» ACTIVITY
Reproduce exactly the line with "Limpia Todo Sapolio 900 Ml. Lavanda" and the lines after it. Stop at the last line of the data and include nothing else.

Data entries
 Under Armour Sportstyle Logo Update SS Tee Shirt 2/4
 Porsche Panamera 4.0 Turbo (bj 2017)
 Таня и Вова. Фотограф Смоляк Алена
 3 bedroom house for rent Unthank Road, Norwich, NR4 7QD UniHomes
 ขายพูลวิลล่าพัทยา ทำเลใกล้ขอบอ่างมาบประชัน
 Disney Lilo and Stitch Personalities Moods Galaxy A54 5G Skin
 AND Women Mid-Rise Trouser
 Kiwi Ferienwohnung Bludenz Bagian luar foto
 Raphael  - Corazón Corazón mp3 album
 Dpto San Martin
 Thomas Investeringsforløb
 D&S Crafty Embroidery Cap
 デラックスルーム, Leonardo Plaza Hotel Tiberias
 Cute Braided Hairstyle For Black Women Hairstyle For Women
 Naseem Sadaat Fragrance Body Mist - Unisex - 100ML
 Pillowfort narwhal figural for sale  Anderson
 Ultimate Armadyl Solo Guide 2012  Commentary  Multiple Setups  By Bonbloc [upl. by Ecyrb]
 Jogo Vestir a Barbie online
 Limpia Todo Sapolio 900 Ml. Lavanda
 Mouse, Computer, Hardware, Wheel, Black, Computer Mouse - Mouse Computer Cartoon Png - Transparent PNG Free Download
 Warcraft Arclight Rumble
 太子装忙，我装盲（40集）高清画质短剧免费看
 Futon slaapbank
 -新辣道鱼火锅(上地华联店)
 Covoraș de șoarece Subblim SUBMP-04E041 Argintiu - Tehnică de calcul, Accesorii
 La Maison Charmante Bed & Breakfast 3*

» TASK OUTPUT
 Limpia Todo Sapolio 900 Ml. Lavanda
 Mouse, Computer, Hardware, Wheel, Black, Computer Mouse - Mouse Computer Cartoon Png - Transparent PNG Free Download
 Warcraft Arclight Rumble
 太子装忙，我装盲（40集）高清画质短剧免费看
 Futon slaapbank
 -新辣道鱼火锅(上地华联店)
 Covoraș de șoarece Subblim SUBMP-04E041 Argintiu - Tehnică de calcul, Accesorii
 La Maison Charmante Bed & Breakfast 3*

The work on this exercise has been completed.